Wine Ruling Could Impact Account Wagering
Updated: Tuesday, May 17, 2005 8:07 PM
Posted: Tuesday, May 17, 2005 10:56 AM
A United States Supreme Court ruling that overturned Michigan and New York laws that keep wine produced out of state from being shipped to in-state customers could have implications for account wagering, a National Thoroughbred Racing Association official said.
The country's high court, in a 5-4 vote May 16, said state authority over alcohol sales doesn't supersede constitutional requirements that keep states from discriminating against out-of-state concerns. Though the ruling stemmed from challenges to Michigan and New York laws, winemakers believe it could lead to the elimination of bans in 24 other states, according to published reports.
The issue of whether one or more out-of-state account wagering services should be permitted to operate in states where the practice is legal has come up in several states, including Virginia and Washington.
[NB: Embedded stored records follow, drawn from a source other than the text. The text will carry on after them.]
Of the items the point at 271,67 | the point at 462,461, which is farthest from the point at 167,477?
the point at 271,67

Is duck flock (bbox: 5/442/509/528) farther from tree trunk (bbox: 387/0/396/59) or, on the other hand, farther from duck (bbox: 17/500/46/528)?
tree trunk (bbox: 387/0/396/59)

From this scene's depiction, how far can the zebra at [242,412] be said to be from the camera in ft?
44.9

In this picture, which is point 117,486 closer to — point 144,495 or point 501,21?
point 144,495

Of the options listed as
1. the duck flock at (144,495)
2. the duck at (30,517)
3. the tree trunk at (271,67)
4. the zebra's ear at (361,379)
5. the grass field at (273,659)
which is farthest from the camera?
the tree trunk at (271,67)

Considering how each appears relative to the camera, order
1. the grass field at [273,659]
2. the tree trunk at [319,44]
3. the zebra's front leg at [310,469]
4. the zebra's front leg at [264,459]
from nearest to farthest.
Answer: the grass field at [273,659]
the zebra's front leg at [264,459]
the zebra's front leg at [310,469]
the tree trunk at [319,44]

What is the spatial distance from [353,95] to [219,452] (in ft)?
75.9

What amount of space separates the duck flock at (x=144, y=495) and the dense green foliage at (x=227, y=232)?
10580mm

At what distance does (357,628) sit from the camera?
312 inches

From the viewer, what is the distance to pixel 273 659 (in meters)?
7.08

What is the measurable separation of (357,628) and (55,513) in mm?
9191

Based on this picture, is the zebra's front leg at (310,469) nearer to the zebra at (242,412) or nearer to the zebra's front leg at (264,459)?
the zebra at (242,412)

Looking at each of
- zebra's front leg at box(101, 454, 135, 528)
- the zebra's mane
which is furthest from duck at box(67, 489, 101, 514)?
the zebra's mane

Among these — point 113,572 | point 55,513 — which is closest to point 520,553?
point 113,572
Account wagering is permitted under the federal Interstate Horseracing Act but individual states still decide whether to allow it within their borders.
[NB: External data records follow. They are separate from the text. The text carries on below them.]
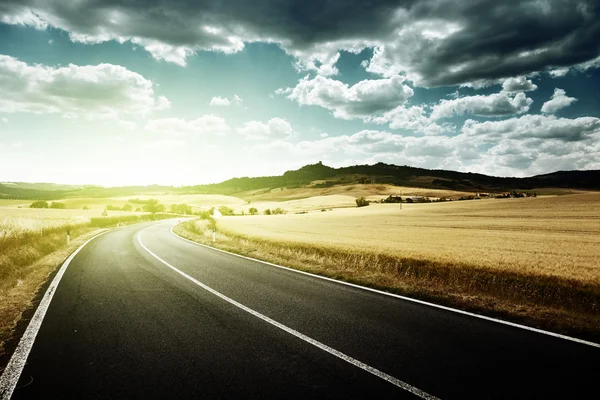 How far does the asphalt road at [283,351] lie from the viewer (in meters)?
4.21

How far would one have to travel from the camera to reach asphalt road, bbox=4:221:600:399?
13.8ft

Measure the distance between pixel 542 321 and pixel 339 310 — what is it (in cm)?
407

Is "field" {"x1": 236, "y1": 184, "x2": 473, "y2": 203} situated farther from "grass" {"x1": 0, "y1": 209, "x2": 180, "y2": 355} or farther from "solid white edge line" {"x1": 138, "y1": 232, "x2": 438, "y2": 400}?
"solid white edge line" {"x1": 138, "y1": 232, "x2": 438, "y2": 400}

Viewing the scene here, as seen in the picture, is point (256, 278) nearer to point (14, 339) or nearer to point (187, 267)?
point (187, 267)

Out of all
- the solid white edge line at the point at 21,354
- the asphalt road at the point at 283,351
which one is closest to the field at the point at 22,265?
the solid white edge line at the point at 21,354

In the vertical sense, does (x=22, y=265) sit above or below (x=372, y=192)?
below

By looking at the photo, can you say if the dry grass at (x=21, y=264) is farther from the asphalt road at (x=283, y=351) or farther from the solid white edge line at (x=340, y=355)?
the solid white edge line at (x=340, y=355)

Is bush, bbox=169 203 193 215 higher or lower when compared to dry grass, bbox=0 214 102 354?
lower

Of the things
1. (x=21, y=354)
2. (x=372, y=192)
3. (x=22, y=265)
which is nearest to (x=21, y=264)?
(x=22, y=265)

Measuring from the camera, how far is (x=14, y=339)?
5.92 m

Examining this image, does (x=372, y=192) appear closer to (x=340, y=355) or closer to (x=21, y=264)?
(x=21, y=264)

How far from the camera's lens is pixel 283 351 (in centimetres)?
530

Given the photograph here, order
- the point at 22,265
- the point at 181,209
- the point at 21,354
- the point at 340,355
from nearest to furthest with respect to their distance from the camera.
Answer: the point at 340,355
the point at 21,354
the point at 22,265
the point at 181,209

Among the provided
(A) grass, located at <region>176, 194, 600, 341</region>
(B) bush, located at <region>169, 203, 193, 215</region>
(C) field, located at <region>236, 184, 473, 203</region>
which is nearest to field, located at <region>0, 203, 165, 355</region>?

"I think it's highly relevant," NTRA executive vice president of legislative and corporate planning Greg Avioli said of the wine industry ruling. "It's clearly going to have an impact. I can't think of two other issues more directly left to the states over time (than alcohol and gambling)."
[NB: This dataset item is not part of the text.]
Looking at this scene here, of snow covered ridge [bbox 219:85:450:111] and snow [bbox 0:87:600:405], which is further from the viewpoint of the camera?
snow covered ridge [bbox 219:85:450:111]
The crux of the Supreme Court ruling is that if a state allows wine production and sales, it can't prohibit out-of-state entities from participating. It could, however, regulate participation by out-of-state entities. Avioli said the ability of states to regulate alcohol sales generally is more powerful than their ability to regulate gambling.
"I think we're moving away from states attempting to prohibit out-of-state (account wagering) operators and instead are moving toward states imposing reasonable regulations on those operators," Avioli said.
Michigan and New York allow in-state wineries to ship the product directly to consumers, but they bar out-of-state winemakers from shipping to their residents.
"If a state chooses to allow direct shipments of wine, it must do so on evenhanded terms," Supreme Court Justice Anthony Kennedy wrote for the majority.